DATA EXTRACTS
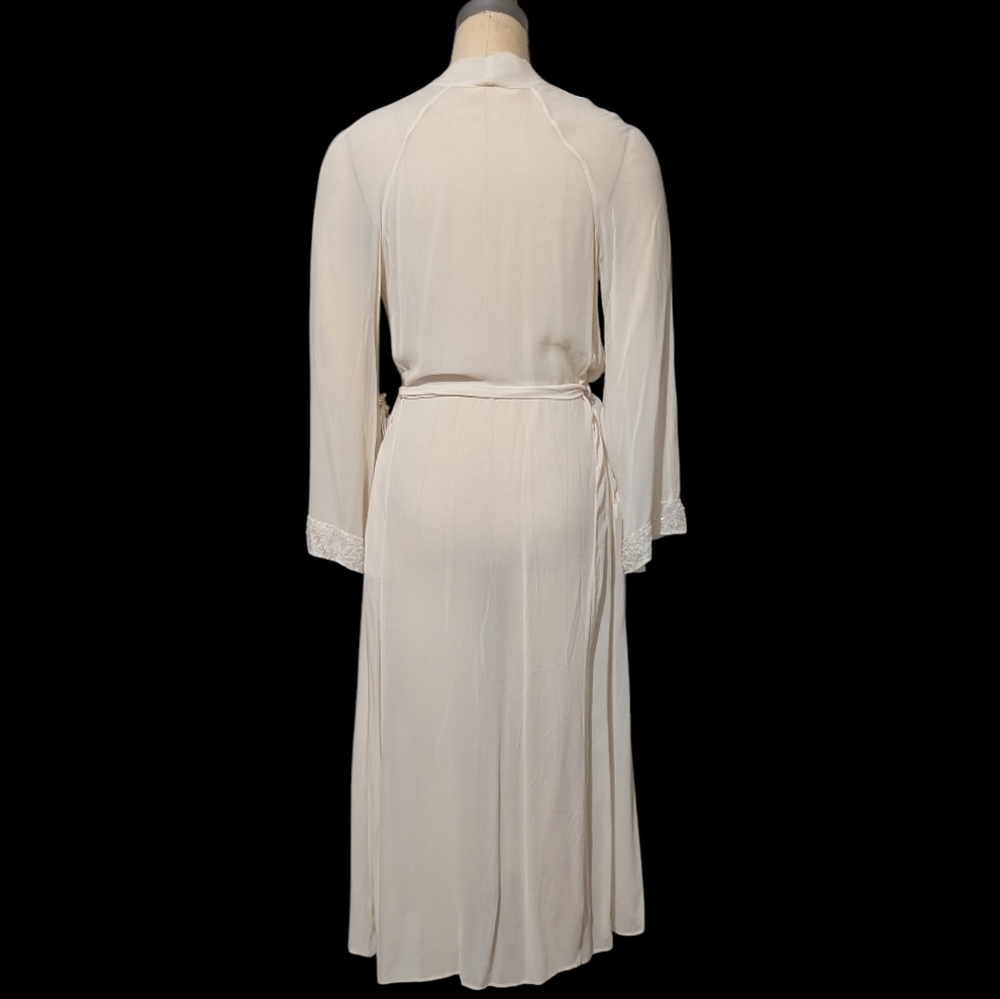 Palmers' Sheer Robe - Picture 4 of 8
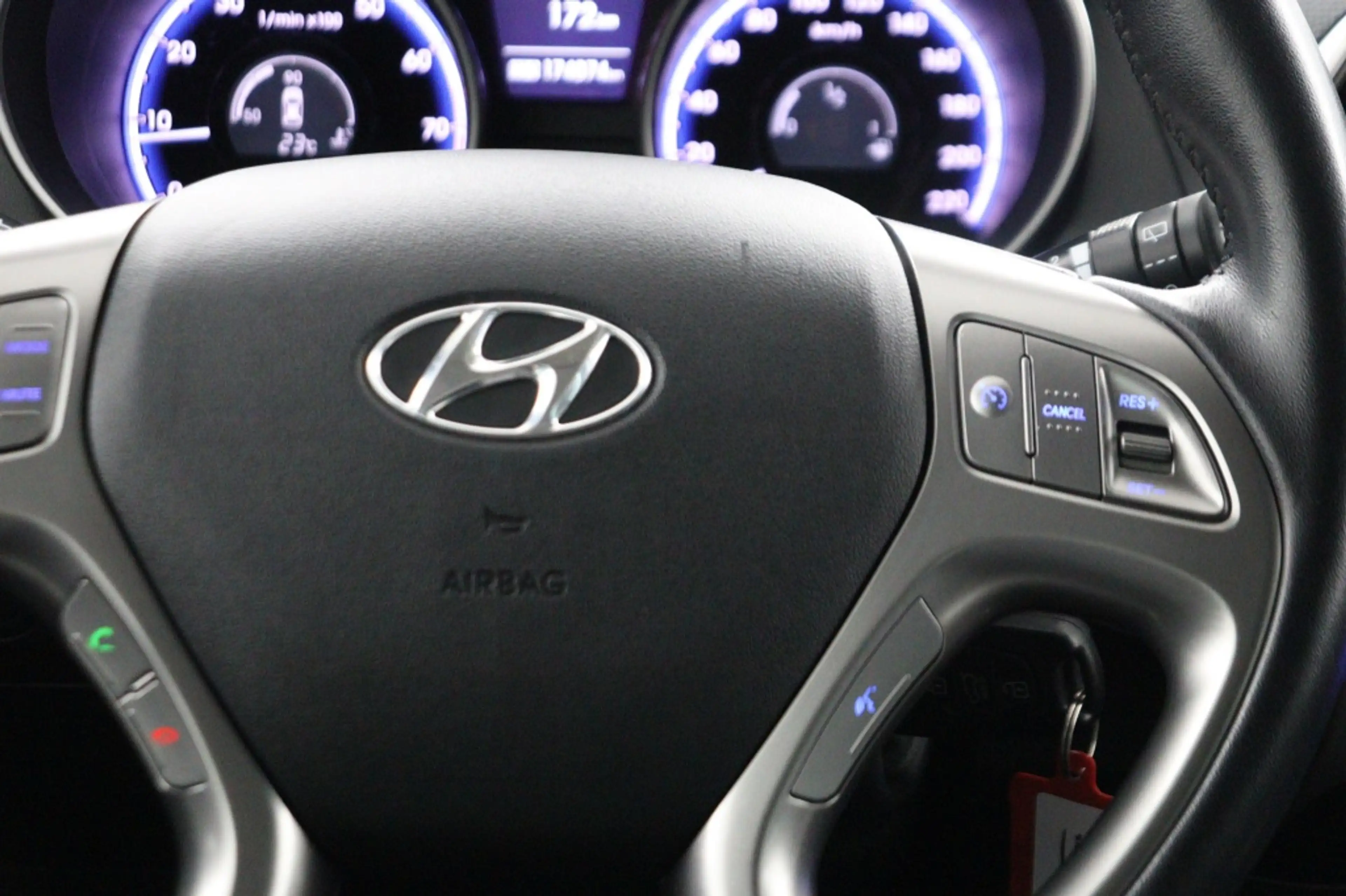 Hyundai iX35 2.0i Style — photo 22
==
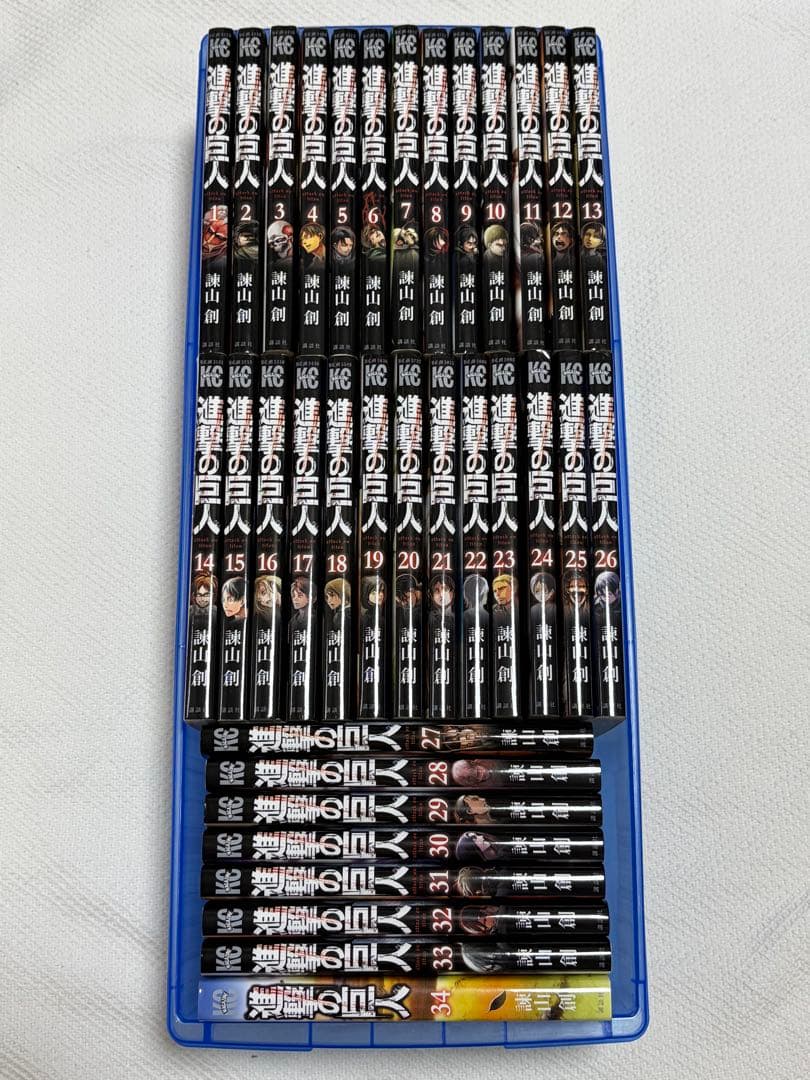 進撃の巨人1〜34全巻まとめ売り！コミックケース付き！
==
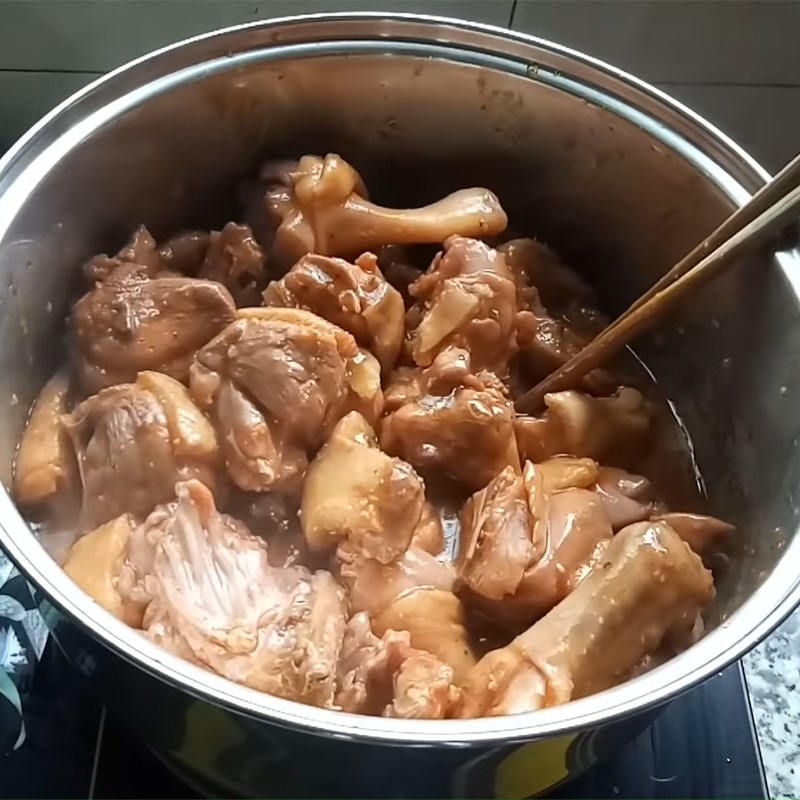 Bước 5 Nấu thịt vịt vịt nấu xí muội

PROBLEM DETAILS
Exact copy, pictures excluded: every line above from the one containing "Palmers' Sheer Robe - Picture 4 of 8" to the one containing "Hyundai iX35 2.0i Style — photo 22", inclusive, and nothing more.

RESPONSE TO THIS EXERCISE
 Palmers' Sheer Robe - Picture 4 of 8
 Hyundai iX35 2.0i Style — photo 22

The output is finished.